False confessions: How the innocent admit, are convicted of crimes they didn't commit.
KANSAS CITY, Missouri -- Eddie Lowery lost 10 years of his life for a crime he did not commit. There was no physical evidence at his trial for rape, but one overwhelming factor put him away: He confessed.
At trial, the jury heard details that prosecutors insisted only the rapist could have known, including that the rapist hit the 75-year-old victim in the head with the handle of a silver table knife he found in the house. DNA evidence would later show that another man committed the crime. But that vindication would come only years after Lowery had served his sentence and was paroled in 1991.
"I beat myself up a lot" about having confessed, Lowery said in a recent interview. "I thought I was the only dummy who did that."
But more than 40 others have given confessions since 1976 that DNA evidence later showed were false, according to records compiled by Brandon L. Garrett, a professor at the University of Virginia School of Law. Experts have long known that some kinds of people -- including the mentally impaired, the mentally ill, the young and the easily led -- are the likeliest to be induced to confess. There are also people like Lowery, who says he was just pressed beyond endurance by interrogators.
New research shows how people who were apparently uninvolved in a crime could provide such a detailed account of what occurred, allowing prosecutors to claim that only the defendant could have committed the crime.
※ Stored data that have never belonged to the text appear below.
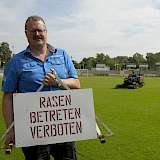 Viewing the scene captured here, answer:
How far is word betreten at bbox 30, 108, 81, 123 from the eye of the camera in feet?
13.9

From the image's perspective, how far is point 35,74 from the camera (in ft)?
14.2

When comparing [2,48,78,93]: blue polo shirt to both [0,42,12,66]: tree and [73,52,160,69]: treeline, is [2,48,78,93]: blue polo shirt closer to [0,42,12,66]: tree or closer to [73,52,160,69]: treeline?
[0,42,12,66]: tree

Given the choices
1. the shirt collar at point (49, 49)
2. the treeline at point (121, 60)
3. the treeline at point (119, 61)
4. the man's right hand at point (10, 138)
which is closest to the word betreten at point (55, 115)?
the man's right hand at point (10, 138)

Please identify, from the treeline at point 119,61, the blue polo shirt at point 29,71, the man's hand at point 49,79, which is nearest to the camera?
the man's hand at point 49,79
An article by Garrett draws on trial transcripts, recorded confessions and other background materials to show how incriminating facts got into those confessions -- by police introducing important facts about the case, whether intentionally or unintentionally, during the interrogation.
Garrett said he was surprised by the complexity of the confessions he studied.
"I expected, and think people intuitively think, that a false confession would look flimsy," like someone saying simply, "I did it," he said.
Instead, he said, "almost all of these confessions looked uncannily reliable," rich in telling detail that almost inevitably had to come from the police. "I had known that in a couple of these cases, contamination could have occurred," he said, using a term in police circles for introducing facts into the interrogation process. "I didn't expect to see that almost all of them had been contaminated."